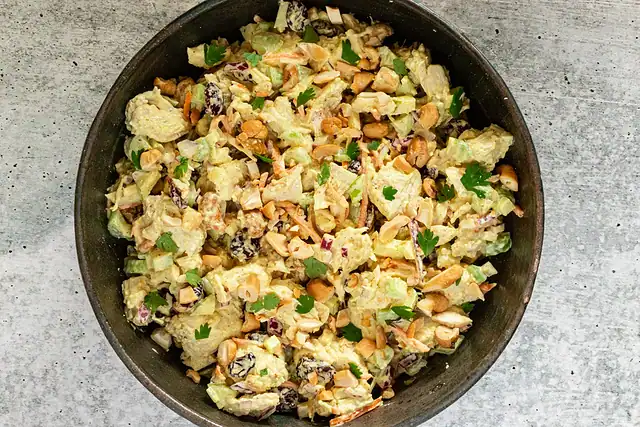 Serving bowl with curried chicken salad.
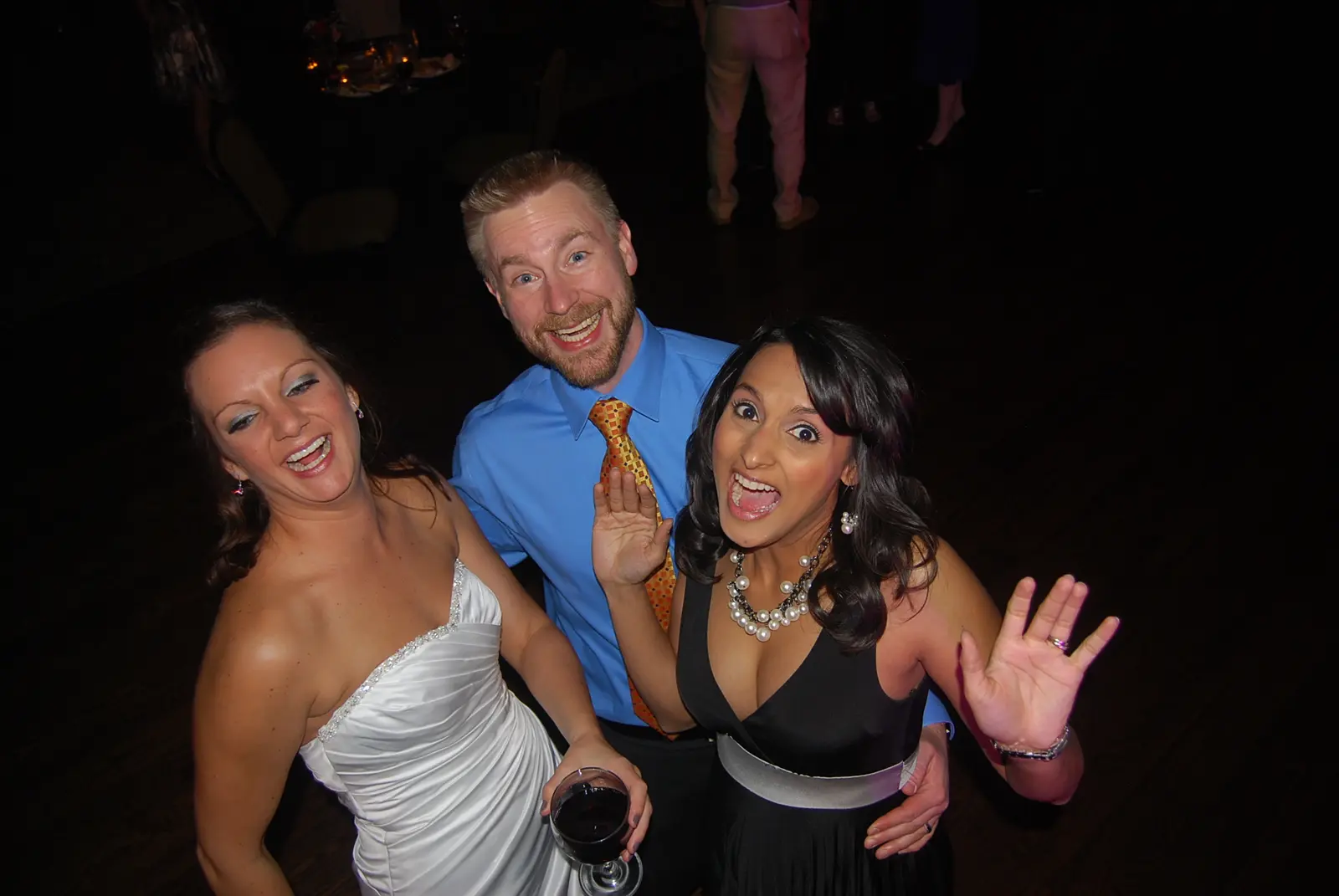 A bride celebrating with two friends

* * *

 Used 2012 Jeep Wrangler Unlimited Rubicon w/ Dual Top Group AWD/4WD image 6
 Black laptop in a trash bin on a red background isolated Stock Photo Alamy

[What the task requires]
Take from the material above the lines running from the one with "Used 2012 Jeep" through the one with "Black laptop in", and repeat them exactly, with nothing else.

[Solved problem]
 Used 2012 Jeep Wrangler Unlimited Rubicon w/ Dual Top Group AWD/4WD image 6
 Black laptop in a trash bin on a red background isolated Stock Photo Alamy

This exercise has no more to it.